Na rotina de trabalho, que tipo de atividades desenvolve um/a investigador/a?

O trabalho de um investigador é muito diversificado e exige uma dedicação permanente, mas é bastante aliciante. Para além do trabalho que o investigador desenvolve na sua área de atuação, também é necessário procurar financiamento para esse trabalho e também para a equipa que coordena. Também é importante um investigador mostrar e divulgar o trabalho que está a desenvolver, nomeadamente através da publicação em revistas internacionais. E neste campo temos que ter um cuidado particular na escolha das revistas, identificando, por exemplo, alguns parâmetros que são essenciais, como é o caso do público-alvo, o quartil e o fator de impacto da revista. Temos também a questão de dar a conhecer o trabalho em congressos nacionais e internacionais. E é necessário manter bastante ativa esta divulgação, como a apresentação dos resultados que têm sido obtidos e a divulgação do trabalho que está a ser desenvolvido. Por outro lado, o investigador também orienta alunos de licenciatura, de mestrado, de doutoramento e de pós-doutoramento e essa orientação exige que, diariamente, haja um trabalho que é feito com os estudantes de modo a que eles adquiram conhecimento e cumpram também os objetivos da etapa que estão a realizar. E para além da orientação científica também é importante a orientação curricular, para que quando o estudante terminar esta etapa da vida possa estar apto a prosseguir, também a nível académico, os seus trabalhos. O investigador pode também fazer parte da equipa Editorial de revistas nacionais e/ ou internacionais, coordenar e/ou ser membro de projetos de investigação nacionais e/ou internacionais. Além de tudo isto, o investigador pode também ocupar diferentes cargos, quer a nível institucional, quer a nível departamental, na própria unidade de investigação ou até mesmo em grupos e redes de trabalho internacionais que integre ou ainda sociedades em que seja membro. E quanto mais motivado estiver o investigador, mais são as áreas e as redes de trabalho em que estará envolvido e, assim, novas oportunidades vão surgindo.

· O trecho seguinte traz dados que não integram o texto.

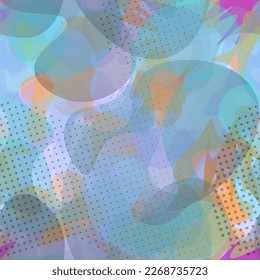 Camouflage Seamless Pattern. Summer Texture Military. Glamour  Endless Repeats Surface. Vector Camo Fabric . Woodland Concept. Creative Army Hunting Print. Extreme Style Illustration.
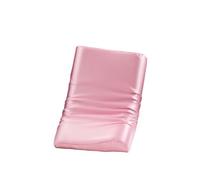 Silk Pillowcase 1pcs Rayon Latex Pillowcase Suitable Home Bedroom Sleep Memory(Color 4,30x50cm 1pc)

Quais são as maiores recompensas do trabalho que desenvolve?

Todos nós estamos conscientes de que a ciência é uma área que permite a obtenção de conhecimento, mas também sabemos as dificuldades que existem na ciência. No entanto, o facto de o meu trabalho dar resposta aos desafios e objetivos da ciência, poder contribuir para o avanço do conhecimento científico para proporcionar uma melhor qualidade de vida e saúde e bem-estar dos ecossistemas e ainda contribuir para uma economia e uma sociedade mais azul e sustentável, será esse o meu contributo, e também a minha recompensa, no trabalho que desenvolvo.

Gostaria de partilhar connosco algumas experiências que a tenham marcado durante o seu percurso de investigação na UC?

Quando o nosso trabalho é reconhecido obviamente que esses momentos são sempre marcantes. Um desses momentos foi o prémio internacional que recebi do Instituto Real Holandês de Investigação Marinha, o NIOZ. A nível da investigação, são os trabalhos que temos vindo a desenvolver e que nos têm permitido identificar a existência de microplásticos em espécies comestíveis. São espécies que estão a ser usadas e a ser produzidas para consumo e temos estado a aperceber-nos de que, devido ao processo de cultivo, essas espécies estão contaminadas com microplásticos. E isto é extremamente preocupante para a saúde humana. Temos também estado a desenvolver um estudo com recurso a cinzas dos incêndios florestais. Infelizmente, o nosso país é bastante afetado todos os anos por estes eventos e isso tem tido também repercussões a nível das espécies aquáticas e do valor nutricional dessas espécies e também com consequências para o ser humano. Estamos a falar de eventos que são cada vez mais frequentes – a poluição por plástico e os incêndios florestais – e os estudos que nós temos vindo a realizar têm mostrado impactos que ao nível das comunidades aquáticas, das cadeias tróficas e das espécies comestíveis irão afetar também a saúde humana. Ao identificar estes efeitos, temos de agir no sentido de implementar planos de mitigação e de monitorização de modo a reduzir estes impactos, contribuindo assim para a saúde e bem-estar dos ecossistemas e para uma melhor qualidade de vida para o ser humano.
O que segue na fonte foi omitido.